Supplied data:
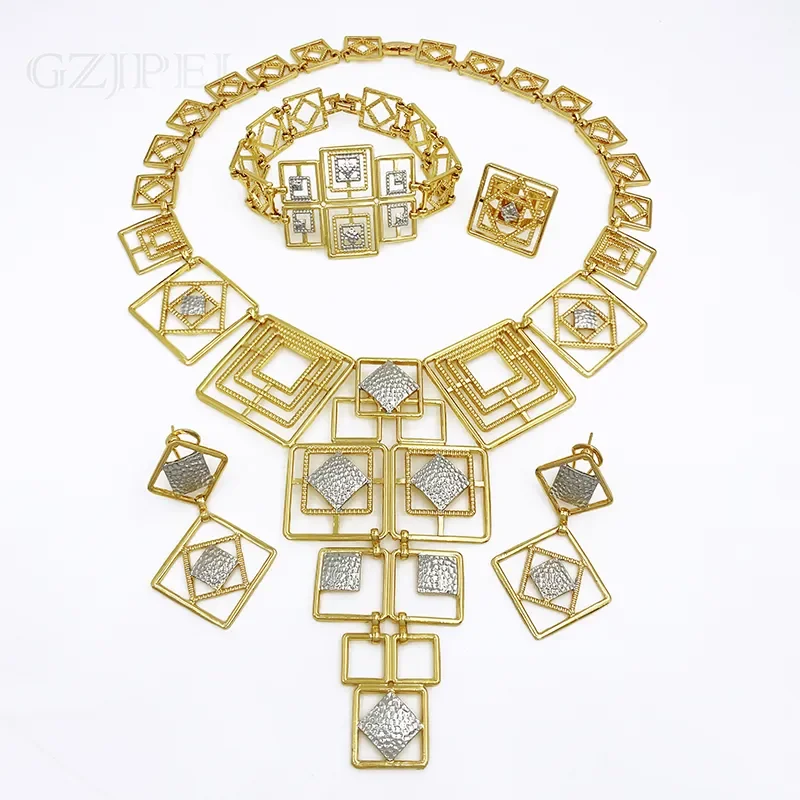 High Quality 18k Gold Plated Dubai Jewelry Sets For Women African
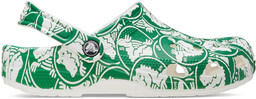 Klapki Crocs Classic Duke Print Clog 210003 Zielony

* * *

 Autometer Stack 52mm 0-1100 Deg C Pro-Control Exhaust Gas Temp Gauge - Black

About this exercise: Pictures excluded, reproduce only the part above that opens with the line holding "High Quality 18k" and closes with the line holding "Klapki Crocs Classic", exactly as written.

Answer to the exercise:
 High Quality 18k Gold Plated Dubai Jewelry Sets For Women African
 Klapki Crocs Classic Duke Print Clog 210003 Zielony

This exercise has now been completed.